He was mortal, after all.
For decades, we held on to the belief that Joey “Pepe” Smith would be the last man standing and that somehow, despite his legendary excesses and, um, questionable lifestyle choices, he would continue to be a survivor.
He had cheated death so many times before: a fire in 1981 that killed three of his in-laws; a car crash that killed his companion from which he walked away with minor scratches; a wrong-place, wrong-time misencounter that could have ended in an EJK (if Pepe’s story was to be believed).
More than once, in the 1970s, he overdosed.
“I would wake up with people around me crying,” he recalled. “They thought I’d died already. I’ve crossed so many borderlines.”
Our illusions faded on the morning of Jan. 28 when Pepe’s heart gave out, after 71 years of living his rock ’n’ roll dreams, first sparked listening to US Armed Forces radio when he was just a boy at Clark Air Base.
Live rock ’n’ roll
“You can’t just play it, you have to live it,” Smith told me once in 1994, shortly after his release from a 19-month stint at the Quezon City jail on drug charges (later dismissed). It was a succinct summation of Pepe’s philosophy in life.
“You have to feel it in your bones,” he added. “You have to be built for rock ’n’ roll.”
A rocker to the end, Pepe had a guitar in his hands when he suffered his fatal heart attack, according to a post by a former partner.
I first met Pepe in 1987, in a one-off gig at Le Bistrot Hippopotamus in Malate, Manila, one of his numerous attempts to make a comeback after the glory days of the Juan de la Cruz Band had passed.
Like many of my generation, I grew up listening to the Juan de la Cruz Band on “Pinoy Rock and Rhythm” on radio station dzRJ.
I was too star-struck to talk to Pepe much then.
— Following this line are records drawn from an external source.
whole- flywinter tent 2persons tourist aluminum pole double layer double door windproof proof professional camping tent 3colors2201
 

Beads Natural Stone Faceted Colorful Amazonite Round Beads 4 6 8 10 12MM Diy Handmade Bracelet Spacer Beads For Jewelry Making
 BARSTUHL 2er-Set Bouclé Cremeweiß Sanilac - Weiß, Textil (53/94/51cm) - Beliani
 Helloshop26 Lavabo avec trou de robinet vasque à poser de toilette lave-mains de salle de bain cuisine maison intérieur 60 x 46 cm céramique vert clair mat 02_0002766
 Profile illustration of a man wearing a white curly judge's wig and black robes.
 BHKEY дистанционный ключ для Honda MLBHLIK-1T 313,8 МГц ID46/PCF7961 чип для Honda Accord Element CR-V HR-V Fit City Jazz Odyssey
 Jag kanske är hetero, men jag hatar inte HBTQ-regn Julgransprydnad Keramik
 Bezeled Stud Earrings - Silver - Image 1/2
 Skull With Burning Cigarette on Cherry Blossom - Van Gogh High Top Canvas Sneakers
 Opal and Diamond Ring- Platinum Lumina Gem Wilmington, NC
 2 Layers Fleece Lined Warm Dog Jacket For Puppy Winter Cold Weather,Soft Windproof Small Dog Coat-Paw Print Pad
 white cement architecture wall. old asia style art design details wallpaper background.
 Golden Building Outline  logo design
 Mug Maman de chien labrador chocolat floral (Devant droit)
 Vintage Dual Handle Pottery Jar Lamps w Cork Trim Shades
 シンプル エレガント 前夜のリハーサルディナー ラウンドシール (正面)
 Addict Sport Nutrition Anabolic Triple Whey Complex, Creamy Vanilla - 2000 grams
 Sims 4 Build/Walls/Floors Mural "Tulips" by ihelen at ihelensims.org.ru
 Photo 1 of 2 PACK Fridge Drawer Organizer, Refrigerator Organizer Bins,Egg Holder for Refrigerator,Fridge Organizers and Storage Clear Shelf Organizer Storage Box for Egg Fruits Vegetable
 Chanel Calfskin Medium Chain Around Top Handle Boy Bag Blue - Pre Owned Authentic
But over the years, as he made comeback attempt after comeback attempt—most successfully in the mid-1990s when he was acknowledged as an icon by the alternative rock generation—I got to know him better, especially during unguarded moments when he was just hanging with close friends like guitarist Jun Lopito and the late Edmond Fortuno.
(Relations with Juan de la Cruz bandmates Wally Gonzalez and Mike Hanopol, as in many rock bands, were testy.)
I realized that, to a great extent, his stoned “rock ’n’ roll!” persona was a pose, a kind of protective shell between his adoring public and his real self.
I found Pepe to be intelligent (though not book smart, since he dropped out of Quezon City High School to join his first band, Blue Jazzers).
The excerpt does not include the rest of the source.